Den daraus resultierenden Konflikt löste Augustinus in seiner Doppelfunktion elegant und sauber: Solange der Kaiser nicht den Widerspruch zwischen römischem Recht und christlicher Lehre beseitigte, war der Bischofsrichter wie jeder Richter und Rechtsunterworfene an das römische Recht „notgedrungen“ gebunden. Als Seelsorger war er aber zugleich gehalten, seine Schäfchen zur Beachtung der christlichen Grundsätze anzuhalten. Insofern ist Possidius’ Darstellung der Richtertätigkeit im Ergebnis doch richtig.
Für den Zivilprozess lehnte Augustinus es folglich strikt ab, gestützt auf den christlichen Grundsatz der „misericordia“ von der römisch-rechtlichen Wertung abzuweichen, aber als Bischof forderte er die Parteien auf, bei der Geltendmachung ihrer Rechtsposition das Christliche vorgehen und Barmherzigkeit walten zu lassen. Für den damaligen christlichen staatlichen Zivilrichter galt dies entsprechend: Er war römischer Bürger und Richter, aber auch Christ und musste und konnte so beide Sphären miteinander in Einklang bringen.

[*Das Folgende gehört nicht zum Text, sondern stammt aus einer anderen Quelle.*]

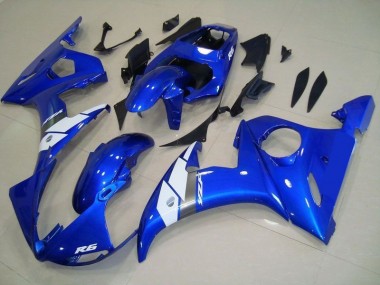 2003-2005 OEM Stil Blau Yamaha YZF R6 Motorrad Verkleidung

Für den christlichen Strafrichter versuchte Augustinus das Problem dadurch zu entschärfen, dass er an den angeblichen römischen Grundsatz erinnerte, dass Strafgesetze ohnehin milder anzuwenden seien, und indem er stoisches Gedankengut heranzog, das dem Römischen Denken gelegen kam und auf einer Linie mit der christlichen Lehre lag; darauf werde ich noch näher eingehen.
6. Zeitliche und emotionale Belastung durch die Richtertätigkeit
Nach Possidius agierte Augustinus bei der „audientia episcopalis“ gewissenhaft und sorgfältig; er nahm sich für die Anliegen seiner Diözesanen Zeit und saß manchmal bis abends ohne zu essen zu Gericht. Er sah die Richtertätigkeit kurz als „heilige Pflicht und schwere Last“ an: - sehr zeitaufwendig, zudem mit Bitten und Beschwerden, die ihm nicht selten gegen den Strich gingen. Klagen des Kirchenvaters über diese Belastung durch die Richtertätigkeit gibt es zuhauf, aus Zeitmangel verzichte ich auf einschlägige Zitate, obwohl sie plastisch und unterhaltsam wären und als solche schon einen ganzen Vortrag füllen könnten.
Augustinus’ Schnelligkeit im Denken und Schreiben, sein praktisches Organisationstalent und sein gekonnter Umgang mit allen möglichen Institutionen sind über jeden Zweifel erhaben. Warum dies bei ihm in der Rechtspflege anders gewesen sein sollte, ist nicht ersichtlich: Wenn die „audientia episcopalis“ ihn also stark zeitlich einspannte, lag der Grund jedenfalls nicht darin, dass er die dafür erforderliche Fähigkeit zur „effektiven Erledigung“ nicht besessen hätte. Natürlich gibt es den Rechtsgelehrten, der lange, tiefschürfende Abhandlungen schreiben, aber kein Urteil allgemeinverständlich und schlüssig in angemessener Zeit zu Papier bringen kann, oder noch allgemeiner: den exzellenten Theoretiker, der im alltäglichen Leben kläglich versagt. Solche Menschen gibt es, aber in diese Schublade können wir Augustinus beim besten Willen nicht stecken!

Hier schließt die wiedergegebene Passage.